### Directions
Without the pictures, give the listing below again exactly.

### Data shown
···
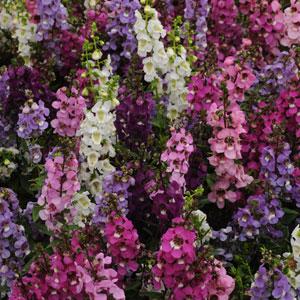 Angelonia Serenita® Mixture Improved - Bloom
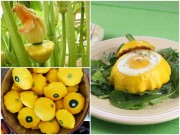 Nhà đẹp - Một tháng trồng bí đĩa bay ngon mắt, sướng miệng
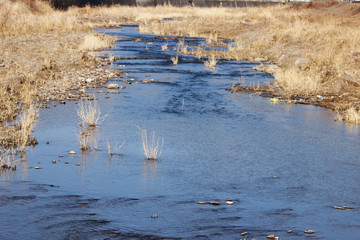 겨울 냇가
···
### Result of the exercise
 Angelonia Serenita® Mixture Improved - Bloom
 Nhà đẹp - Một tháng trồng bí đĩa bay ngon mắt, sướng miệng
 겨울 냇가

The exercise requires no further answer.